» Entries provided

------------------------------------

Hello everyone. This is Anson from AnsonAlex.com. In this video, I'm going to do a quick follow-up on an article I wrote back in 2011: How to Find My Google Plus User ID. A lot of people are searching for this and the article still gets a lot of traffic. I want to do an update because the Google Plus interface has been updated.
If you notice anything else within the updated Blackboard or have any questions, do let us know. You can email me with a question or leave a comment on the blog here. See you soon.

------------------------------------

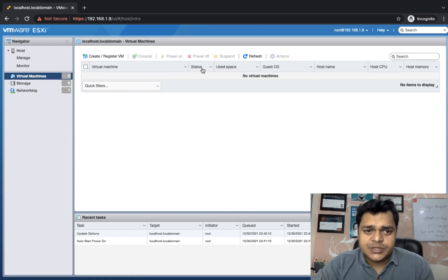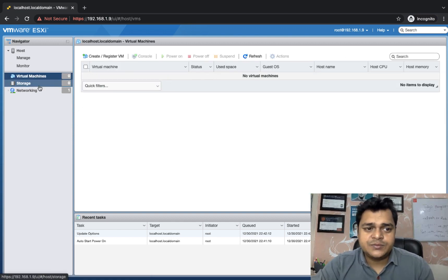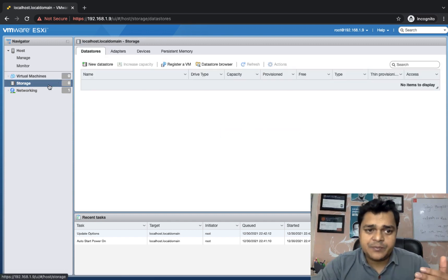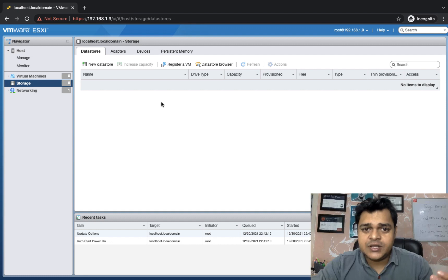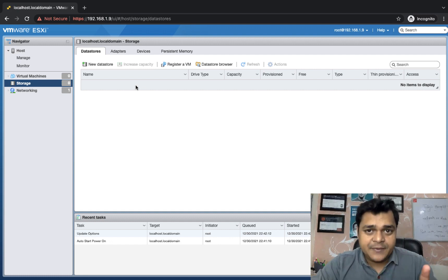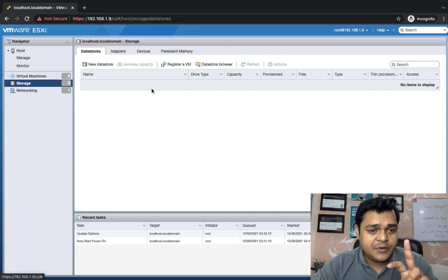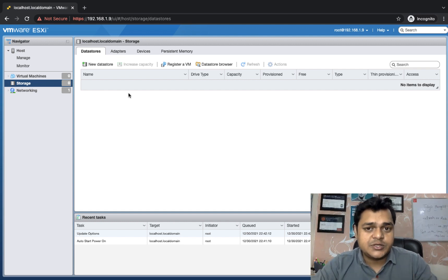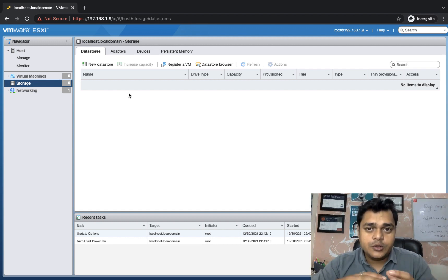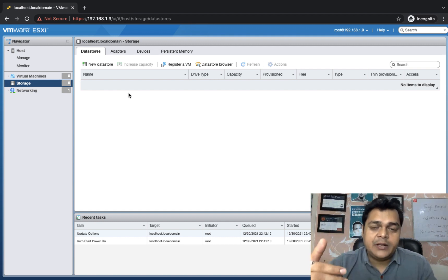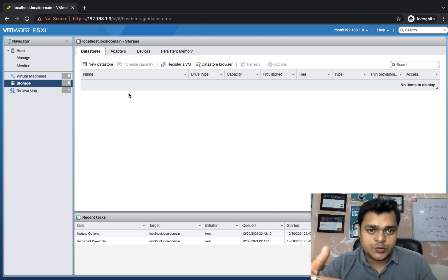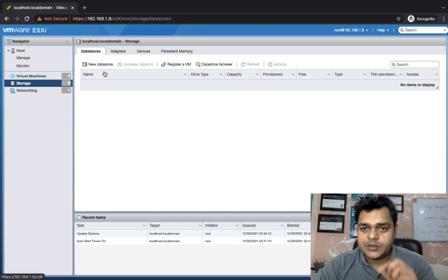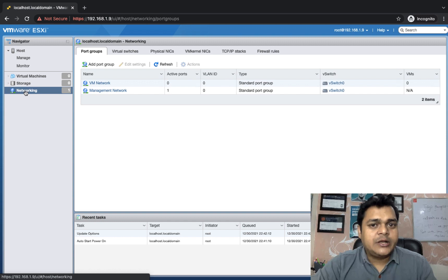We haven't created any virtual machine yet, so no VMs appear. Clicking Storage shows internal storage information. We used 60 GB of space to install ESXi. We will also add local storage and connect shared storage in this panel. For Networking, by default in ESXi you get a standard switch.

------------------------------------

The answer is a single number, the count of lines in the records that contain the string "updated".

2